RBS and Bank of China launch high-end business
By Andrew Yeh in Beijing and Florian Gimbel in Hong Kong
Wednesday, March 21, 2007, FT
Royal Bank of Scotland and Bank of China, the country's second-biggest lender, yesterday launched a private banking business targeting rich Chinese with more than $1m to invest.
Sir Fred Goodwin, RBS chief executive, suggested that China may eventually become one of its most important private banking markets.
“We have an extremely successful business [in the UK] servicing the high-end elites,” Sir Fred said in Beijing. “It doesn't seem to me very difficult to believe that there's a much, much larger opportunity here in China . . . this is a service which people want.”
The performance of the new joint venture will depend largely on how well UK-style banking options are promoted to existing BoC clients and how quickly new clients are added.
Its first two branches will be in Beijing and Shanghai.
Sir Fred said the existing private client base at BoC, coupled with RBS's experience in global private banking, put the joint venture in an “unrivalled” position. Financial details were not announced.
Li Lihui, BoC president, cited a Merrill Lynch/Capgemini survey last year that found there were 320,000 high net worth individuals – those with more than $1m in financial assets – in China in 2005.

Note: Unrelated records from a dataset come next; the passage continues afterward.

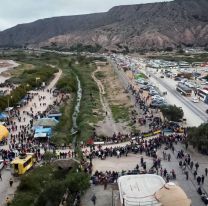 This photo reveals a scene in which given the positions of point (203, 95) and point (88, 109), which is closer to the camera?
point (88, 109)

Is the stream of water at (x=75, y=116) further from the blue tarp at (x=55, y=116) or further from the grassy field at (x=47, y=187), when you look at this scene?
the grassy field at (x=47, y=187)

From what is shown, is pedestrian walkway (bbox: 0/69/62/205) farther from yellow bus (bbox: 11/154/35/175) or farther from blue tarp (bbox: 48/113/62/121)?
blue tarp (bbox: 48/113/62/121)

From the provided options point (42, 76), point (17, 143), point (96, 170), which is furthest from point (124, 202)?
point (42, 76)

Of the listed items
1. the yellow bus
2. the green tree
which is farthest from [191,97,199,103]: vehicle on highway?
the yellow bus

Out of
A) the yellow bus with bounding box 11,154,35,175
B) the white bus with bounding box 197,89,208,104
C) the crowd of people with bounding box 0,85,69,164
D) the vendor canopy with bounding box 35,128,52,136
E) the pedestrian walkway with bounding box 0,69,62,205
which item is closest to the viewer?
the pedestrian walkway with bounding box 0,69,62,205

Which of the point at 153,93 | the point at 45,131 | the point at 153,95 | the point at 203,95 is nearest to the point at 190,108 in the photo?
the point at 203,95

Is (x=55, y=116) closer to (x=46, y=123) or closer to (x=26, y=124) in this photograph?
(x=26, y=124)

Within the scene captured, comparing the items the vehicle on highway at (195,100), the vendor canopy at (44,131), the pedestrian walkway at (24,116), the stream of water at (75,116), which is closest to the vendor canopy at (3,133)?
the pedestrian walkway at (24,116)

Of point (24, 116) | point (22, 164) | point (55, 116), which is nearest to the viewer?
point (22, 164) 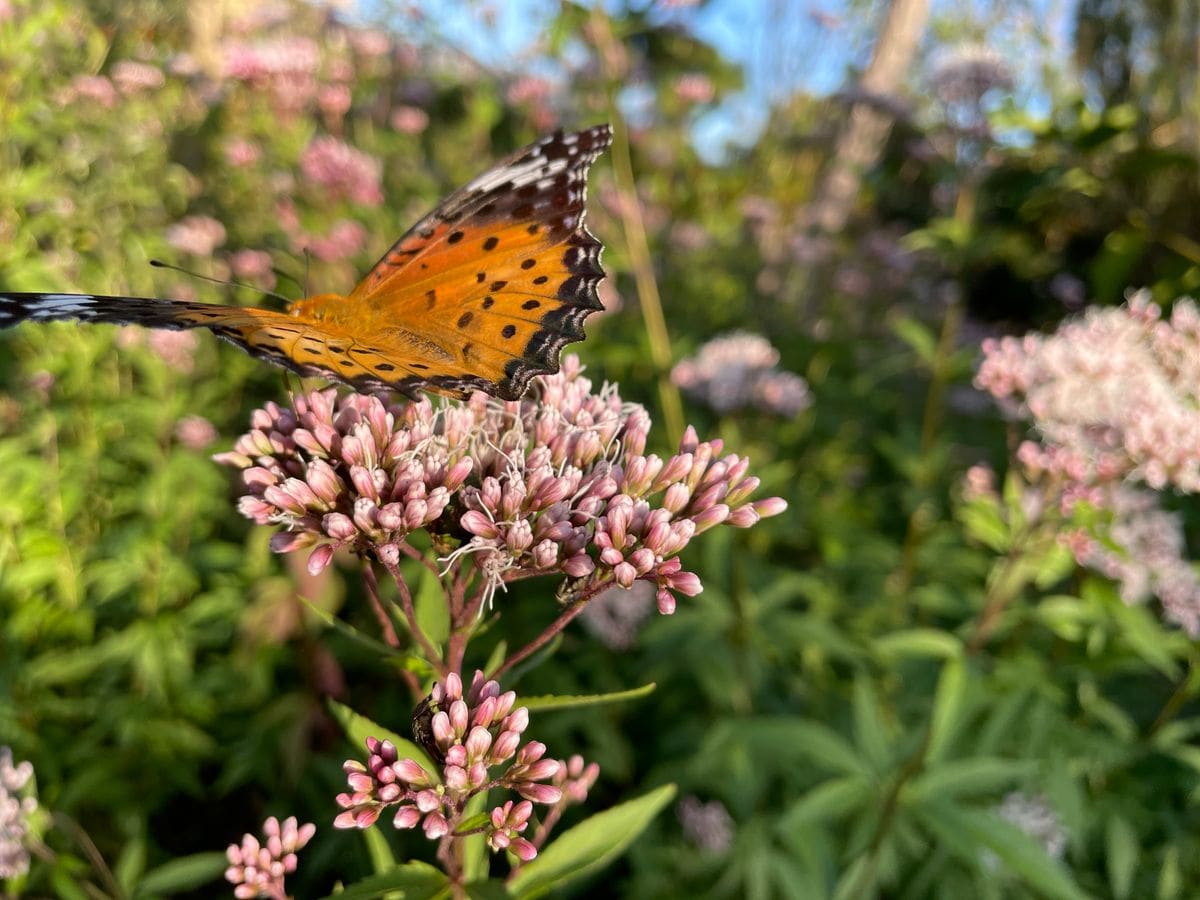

“This will steadily increase,” he predicted.
Mr Li added that the country's fast growth and continuing reforms, especially the recent passage of a landmark property law, would make it easier for Chinese to create and retain wealth.
Large domestic banks such as BoC, in which RBS holds a 4 per cent stake, have been eager to diversify their product offerings while adopting more international know-how.
Mercer Oliver Wyman, the consultant, concluded in a recent report that China will account for a tenth of the total rise in global personal financial assets between now and 2015 and had already become the second-largest wealth management market in Asia after Japan.